Stories of Healing
Joseph’s Story
For a story that could fill many pages, “simple” always tends to be better in the realm of anxiety…
In my case, I think anxiety always been a part of my life since childhood. I was not very aware of it and it never seemed to inhibit me from doing what I wanted or from accomplishing whatever I wanted to accomplish back then. Life for me during those earlier years was simpler and I guess nothing really warranted as big of a dramatic response.
All of that changed in my late 20s – where like many people – the anxiety became all-encompassing and debilitating. My experience was hallmarked mostly by confusion, trying anything and everything I could to “solve” the problem.

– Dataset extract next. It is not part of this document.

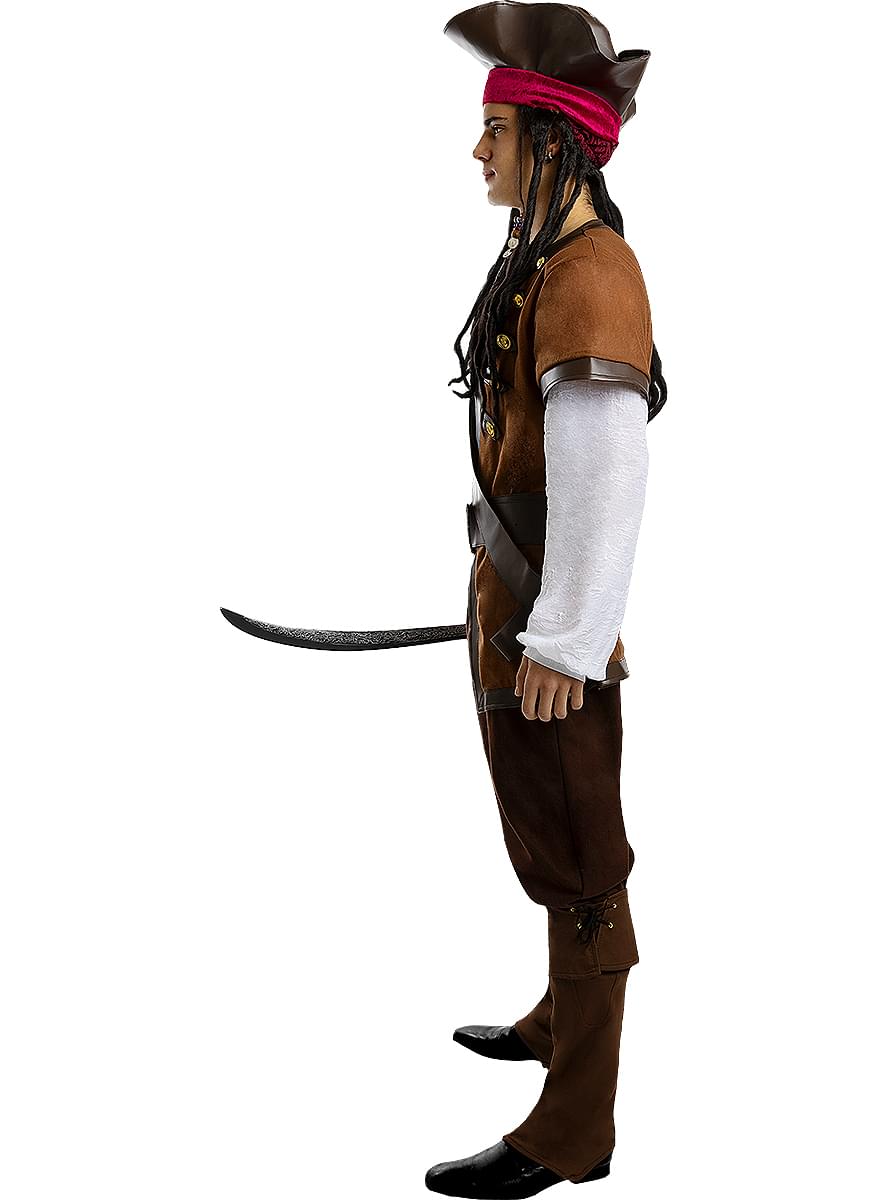 Karnavaliniai kostiumai, teminių vakarėlių apranga Pirate Costume for Men - Caribbean Collection - Teminis.lt #karnavaliniai kostiumai #teminiai vakareliai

I had all the usual symptoms – both physical and mental: panic attacks, intrusive thoughts, weird dissociative experiences, memory issues, concentration problems, the full gamut. I am a pretty high-performing person in life and so I leaned on my problem-solving capabilities to address the debilitating anxiety: breathing exercises, meditation, journaling, therapy, you name it – a real “throw the kitchen sink” at the problem approach. I did experience some minimal improvement, but life was still pretty much excruciating.

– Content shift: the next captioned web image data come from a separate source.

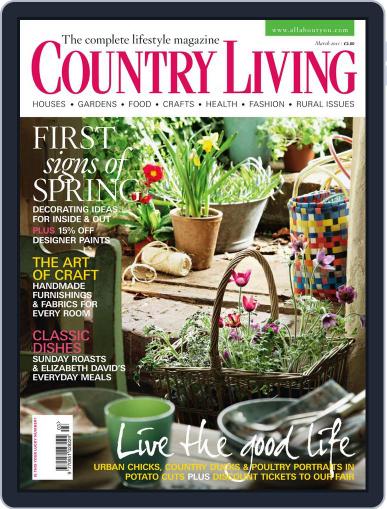 Country Living UK February 10th, 2011 Digital Back Issue Cover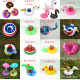 Spot PVC inflatable water supplies Firebird coaster inflatable water floating beverage cup holder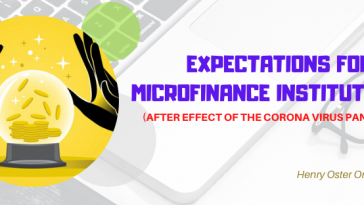 Expectation For Microfinance Institutions
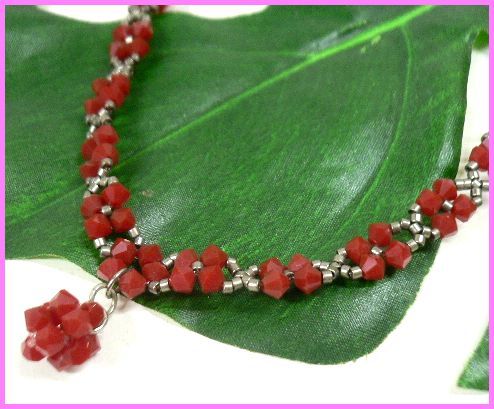 Clearance sale ◆ Ladies necklace/handmade beads type G/1 item only, Women's Accessories, necklace, pendant, others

I will pause here to say, I think something that kept me stuck for so long was trying to understand WHY this was happening to me. What were the circumstances that led to this moment? What choices did I have to change them? I thought if I could just “figure this out,” I could be healed, which from a logical perspective somewhat makes sense.
At least for me, part of this journey is realizing that “figuring out the why” honestly doesn’t matter. Everyone has a different story and set of circumstances that get them to this point. Understanding them at a high level and noticing the behaviors and beliefs that contributed to the situation I found myself in has merit, but examining every microbial detail of my thoughts, situation, etc. is an endless loop that only feeds the cycle. I guess, in a nutshell, what I am really saying here is, at least for me, anxiety is not really healed by analysis. It seems to fade into the background as you learn to live alongside it as peacefully as you can, and not contribute to the drivers that keep the anxiety machine going. Maybe that is the acceptance that my CBT coach, Neal Sideman, is always preaching about….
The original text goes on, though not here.